Dataset extract:
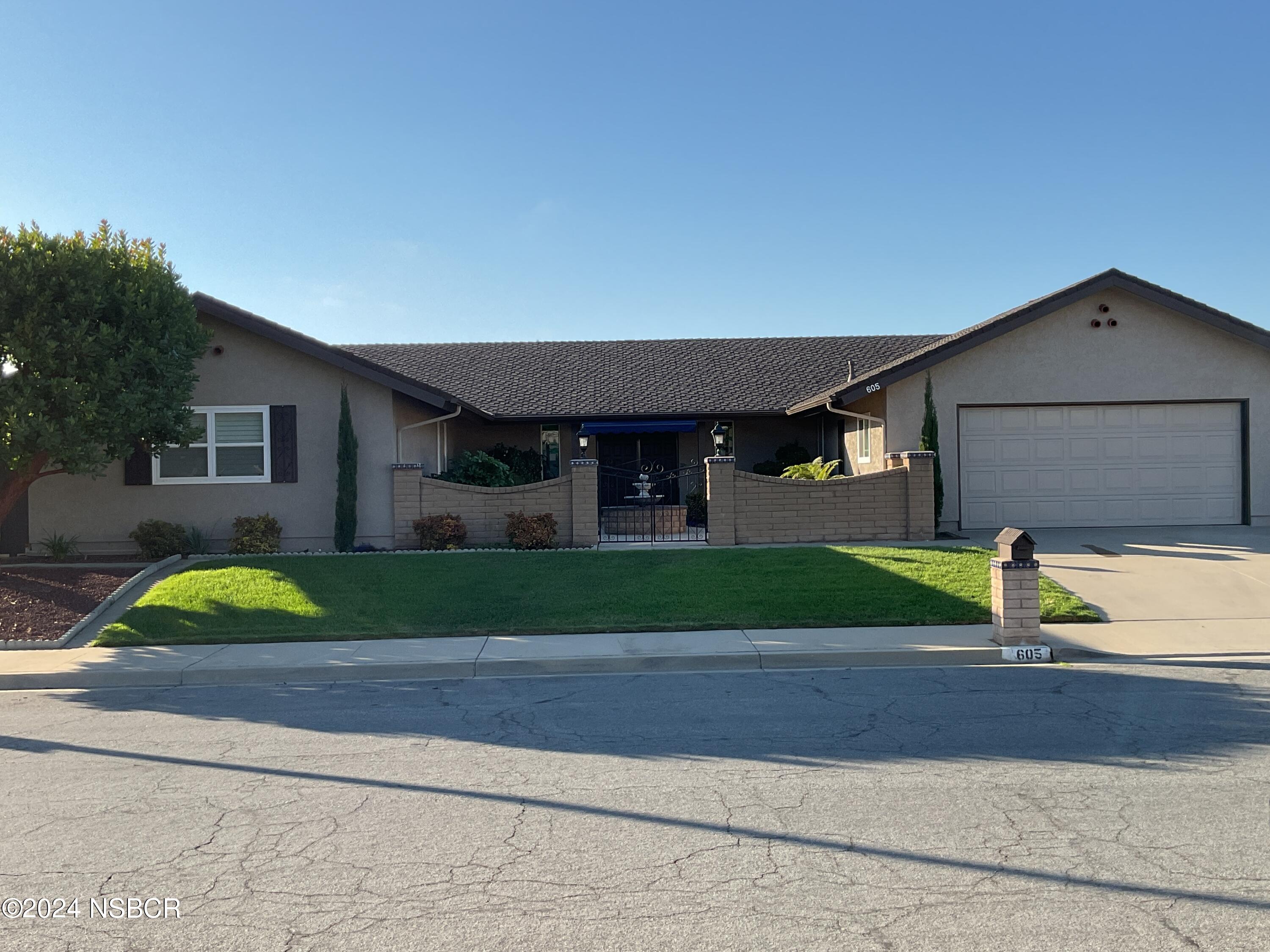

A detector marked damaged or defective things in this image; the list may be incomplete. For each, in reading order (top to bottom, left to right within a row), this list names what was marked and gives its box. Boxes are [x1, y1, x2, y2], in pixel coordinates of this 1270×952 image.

cracked asphalt [2, 665, 1270, 952]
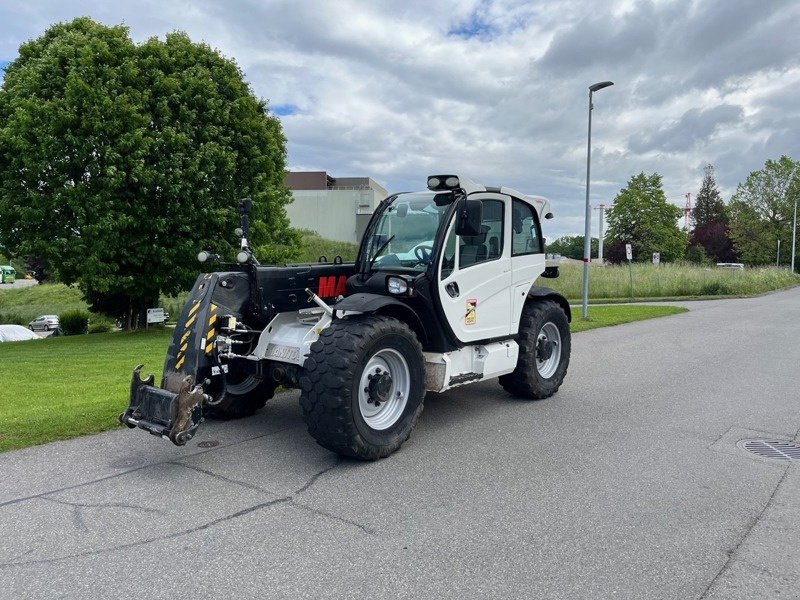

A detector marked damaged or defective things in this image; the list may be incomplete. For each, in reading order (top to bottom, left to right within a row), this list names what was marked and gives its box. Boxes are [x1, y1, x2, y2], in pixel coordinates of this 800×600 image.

pavement crack [696, 468, 792, 600]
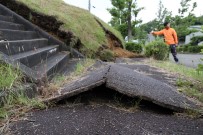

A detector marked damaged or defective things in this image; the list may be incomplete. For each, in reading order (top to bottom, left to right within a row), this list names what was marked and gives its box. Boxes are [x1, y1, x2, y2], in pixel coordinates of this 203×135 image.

crack in pavement [44, 64, 198, 112]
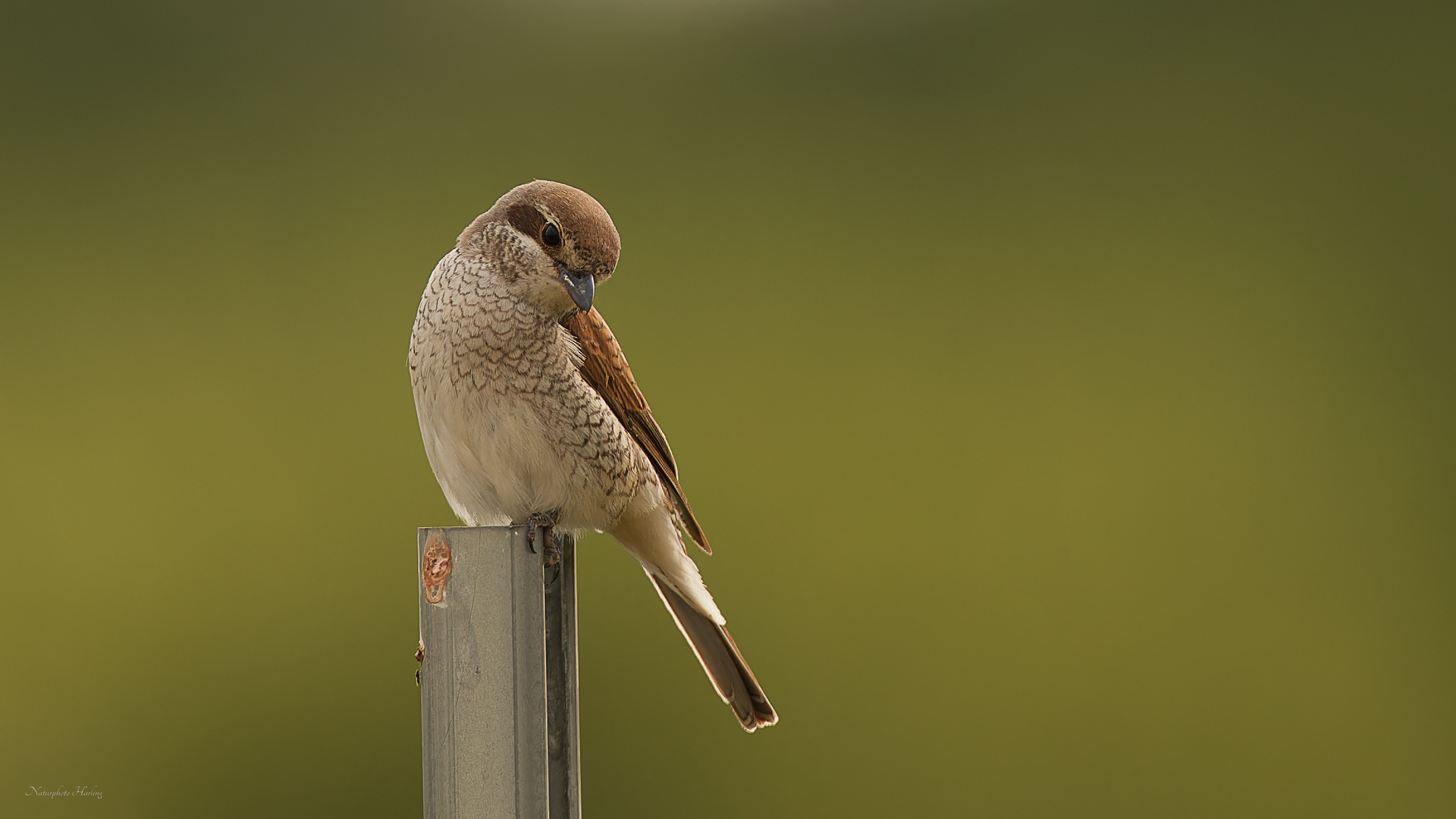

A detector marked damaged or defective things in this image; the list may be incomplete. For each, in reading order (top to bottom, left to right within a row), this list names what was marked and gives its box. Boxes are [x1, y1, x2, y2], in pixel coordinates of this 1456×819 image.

rust spot on post [425, 524, 451, 603]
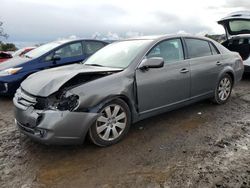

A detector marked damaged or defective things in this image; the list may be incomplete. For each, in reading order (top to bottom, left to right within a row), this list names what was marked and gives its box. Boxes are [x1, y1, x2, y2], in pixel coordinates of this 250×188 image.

damaged front bumper [13, 93, 98, 145]
damaged headlight [48, 93, 79, 111]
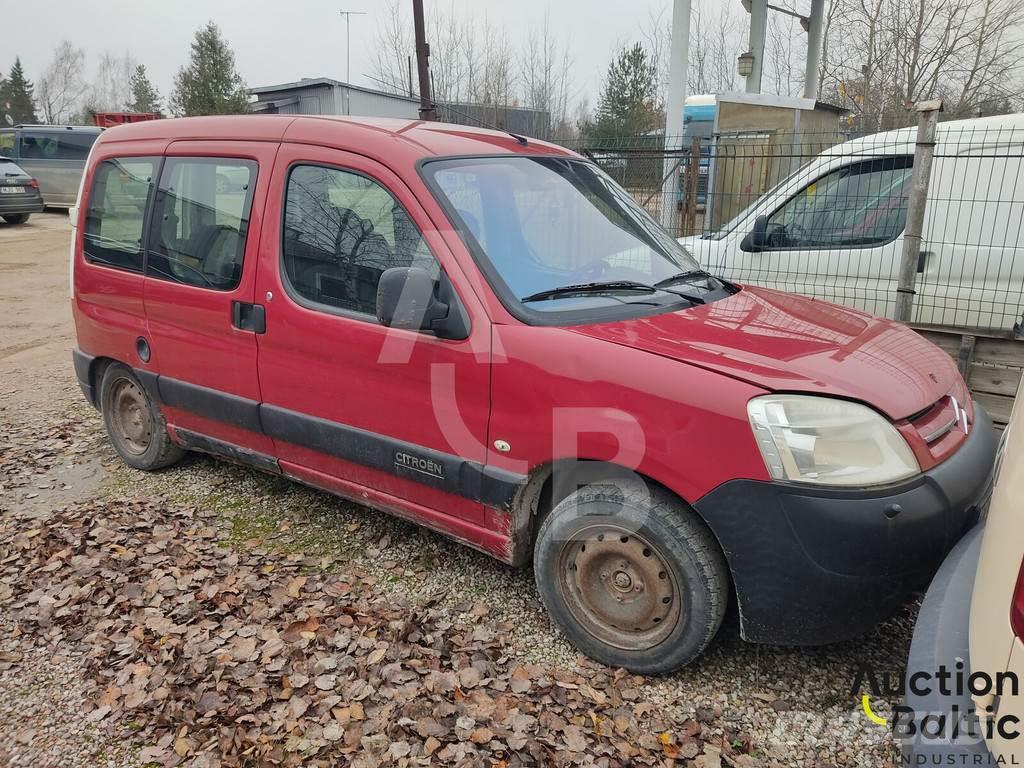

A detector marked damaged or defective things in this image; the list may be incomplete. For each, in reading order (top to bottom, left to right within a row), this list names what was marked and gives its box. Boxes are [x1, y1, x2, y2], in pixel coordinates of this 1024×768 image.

Instructions for the task: Where the line containing "this 250×188 image." appears in the records above, begin copying and continue exactly through the last line, with nothing else; omit every picture.

Result below:
A detector marked damaged or defective things in this image; the list may be incomplete. For each, in reading order (top to bottom, left to right within a row), this list names what was marked and gives its box. Boxes are [x1, y1, x2, y2], in pixel coordinates of this 250×188 image.

damaged front bumper [13, 93, 98, 145]
damaged headlight [48, 93, 79, 111]

A detector marked damaged or defective things in this image; the list may be incomplete. For each, in reading order (top to bottom, left to right within a row), this list names what was marked and gives its box. Boxes are [x1, y1, x2, y2], in pixel coordinates of this 1024×768 image.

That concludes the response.